Iemanjá, rainha do mar, é também conhecida por dona Janaína, Inaê, Princesa de Aiocá e Maria, no paralelismo com a religião católica. Aiocá é o reino das terras misteriosas da felicidade e da liberdade, imagem das terras natais da África, saudades dos dias livres na floresta (AMADO,1956;137)
Dois de fevereiro é - oficiosamente - feriado na Bahia. É considerada a mais importante das festas dedicadas a Yemanjá, embora Silva Campos narre que antigamente a mais pomposa festa a ela dedicada era a efetuada no terceiro domingo de dezembro, em Itapagipe, em frente ao arrasado forte de São Bartolomeu (SILVA CAMPOS, 1930;415).

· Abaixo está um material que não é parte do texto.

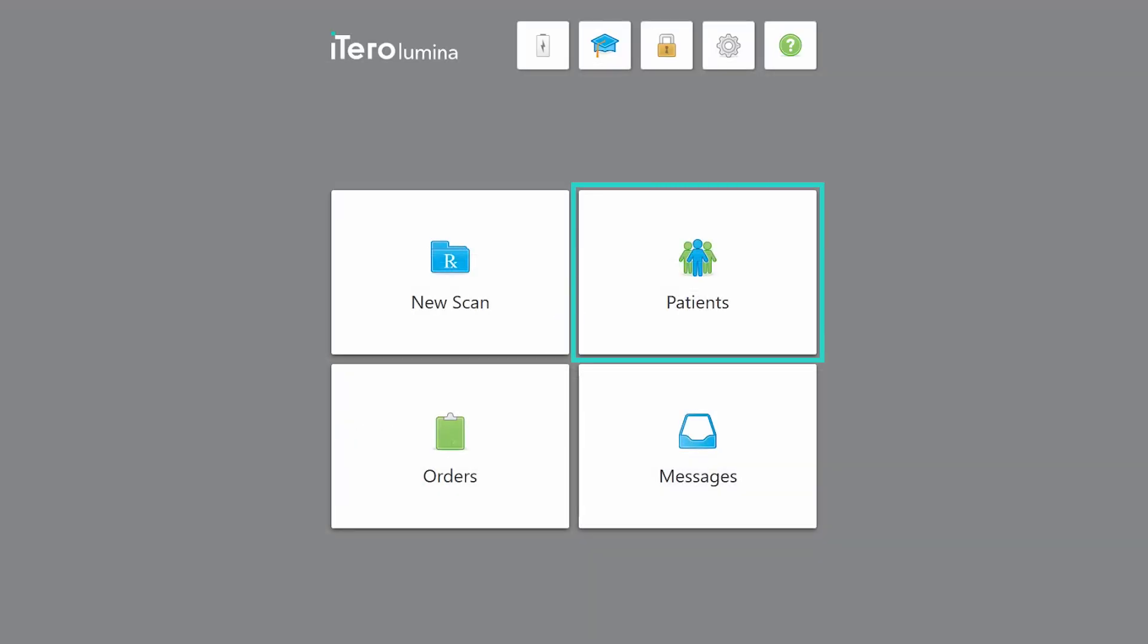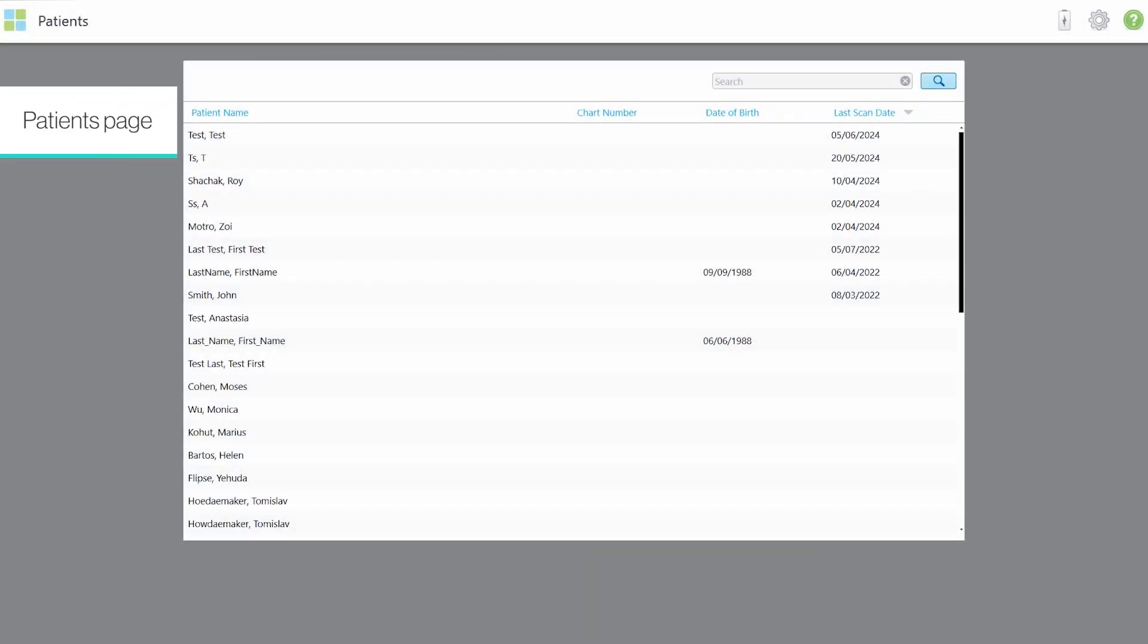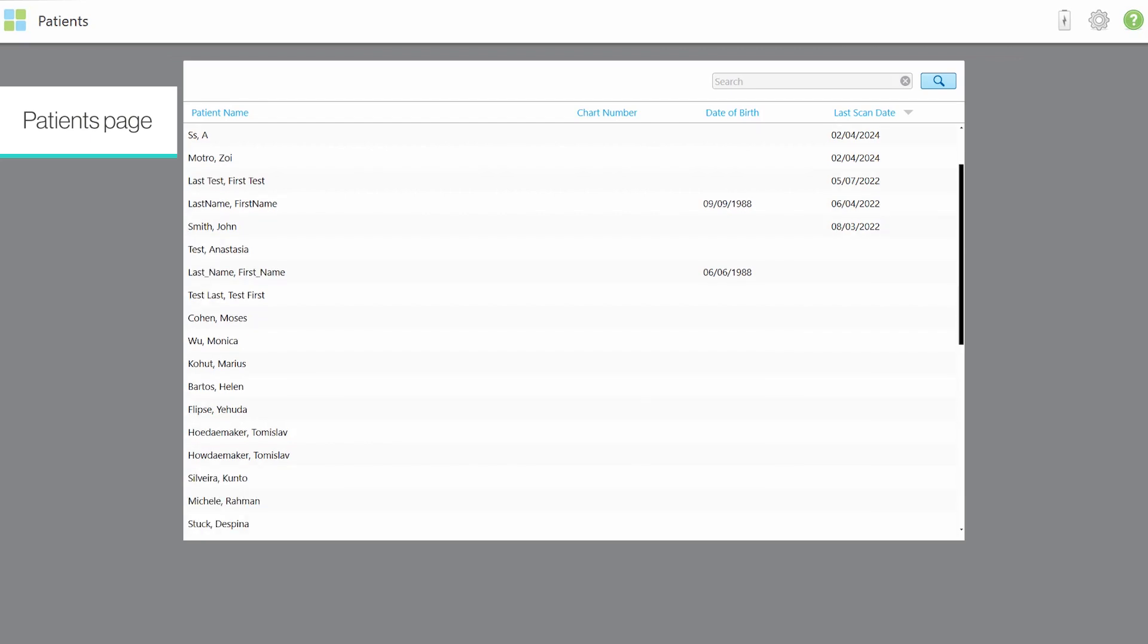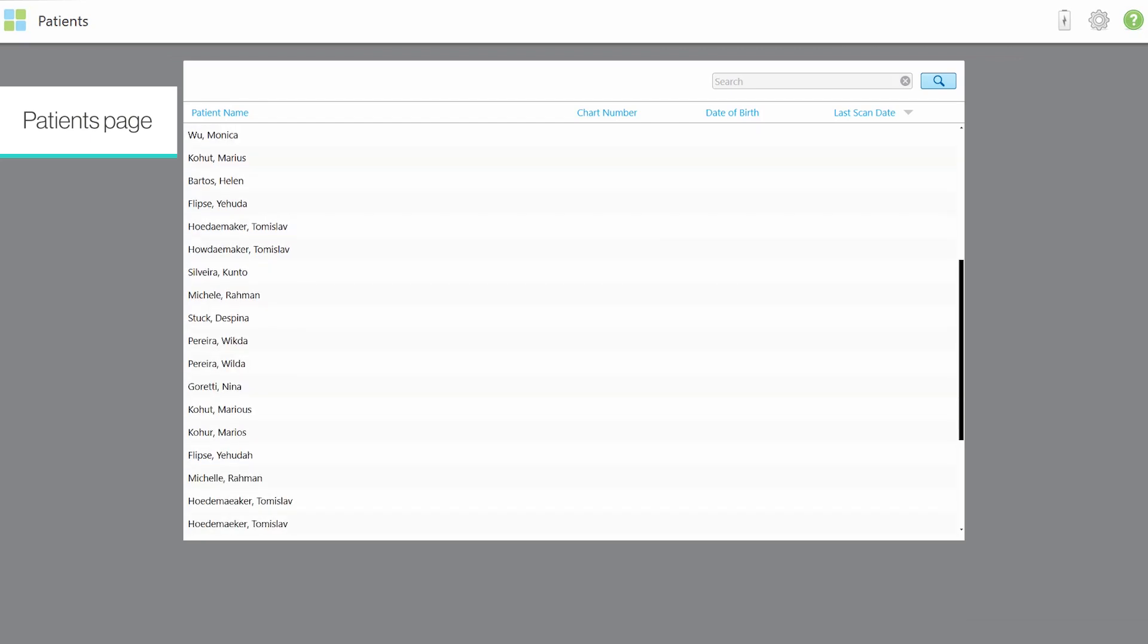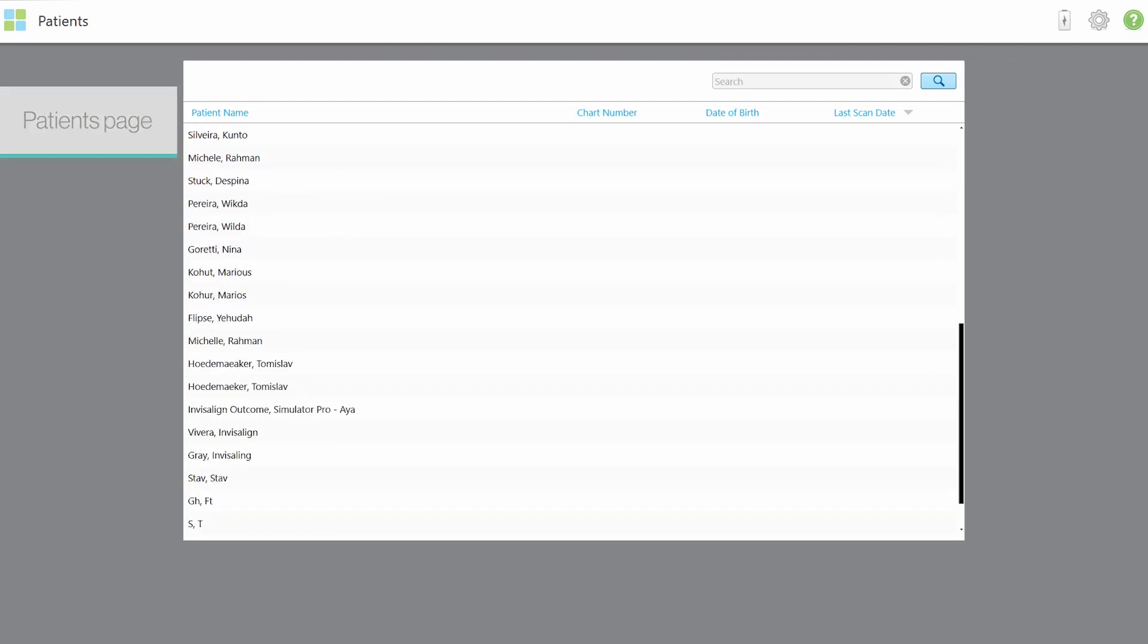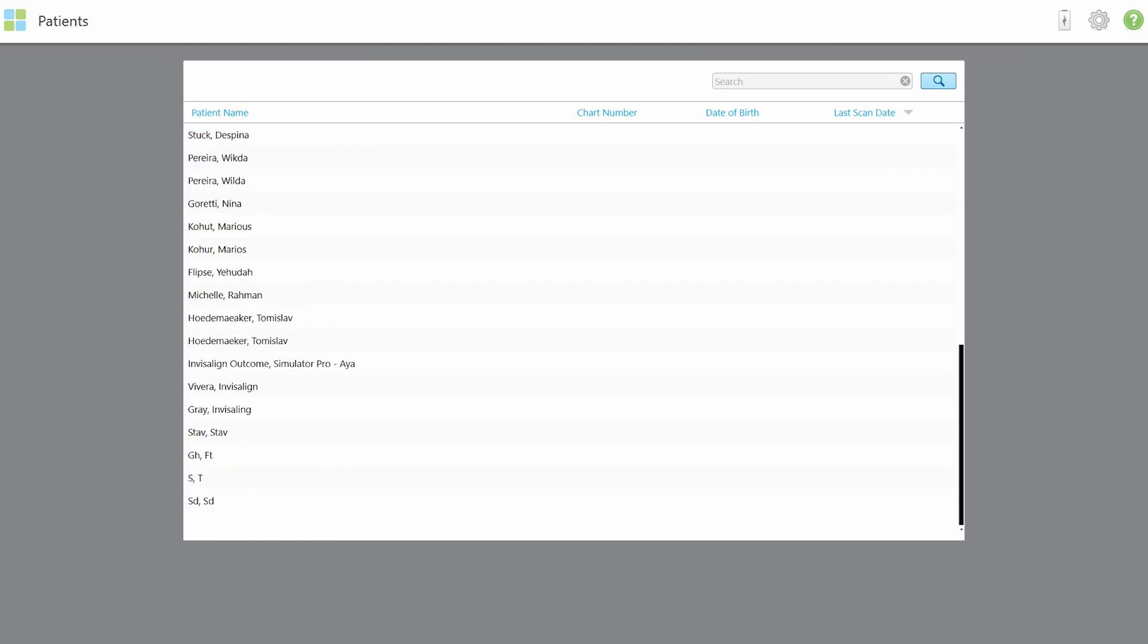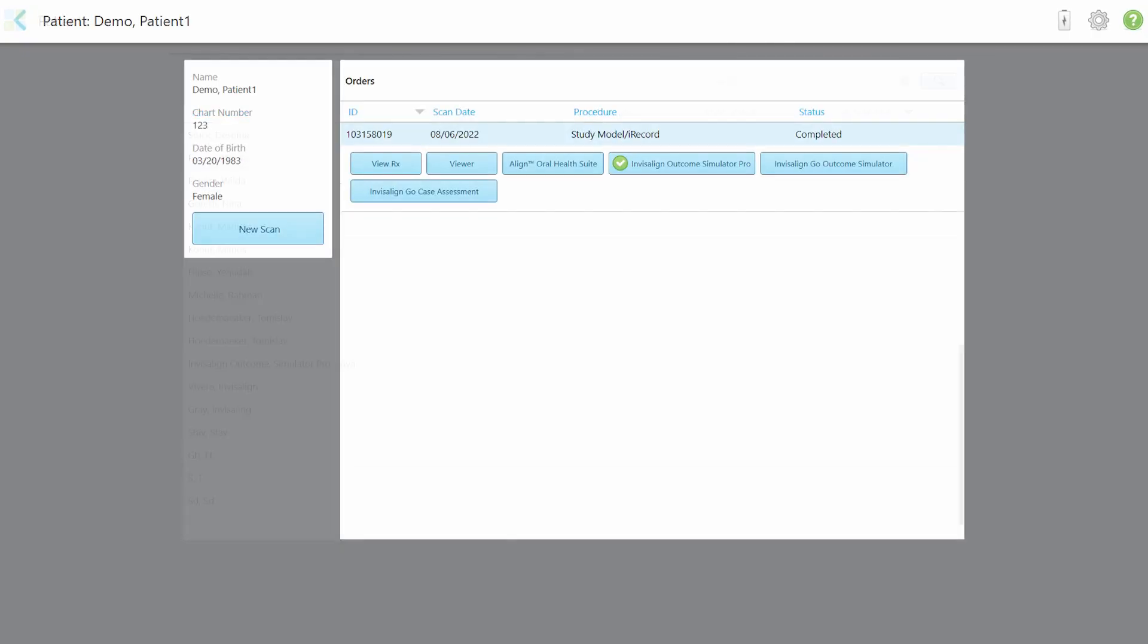Tap the Patients button to display the Patients page. It displays a list of all patients registered in your iTero system. You can search for patients using the search bar on the upper right corner. Selecting a patient enables you to view and compare existing scans for this patient, begin a new scan and more. Tap the arrow to return to the Patients page.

Odorico TAVARES (1961;56) narra que, nos outros tempos, os senhores deixaram seus escravos uma folga de quinze dias para festejarem a sua rainha em frente ao antigo forte de São Bartolomeu em Itapagipe. QUERINO (1955;126/7) confirma ser na 3a dominga de dezembro a festa comemorada em frente ao antigo forte de S.Bartolomeu, hoje demolido, “à qual compareciam para mais de 2.000 africanos”. Tio Ataré era o pai de santo residente na rua do Bispo, em Itapagipe, que comandava os festejos. Reuniam os presentes em uma grande talha ou pote de barro que depois era atirada ao mar. A festa durava quinze dias, durante os quais não faltavam batuques e comidas típicas baianas, com azeite de dendê. Hoje a festa do Rio Vermelho dura só o dia 2, prolongando-se pelo fim de semana seguinte, quando próximo.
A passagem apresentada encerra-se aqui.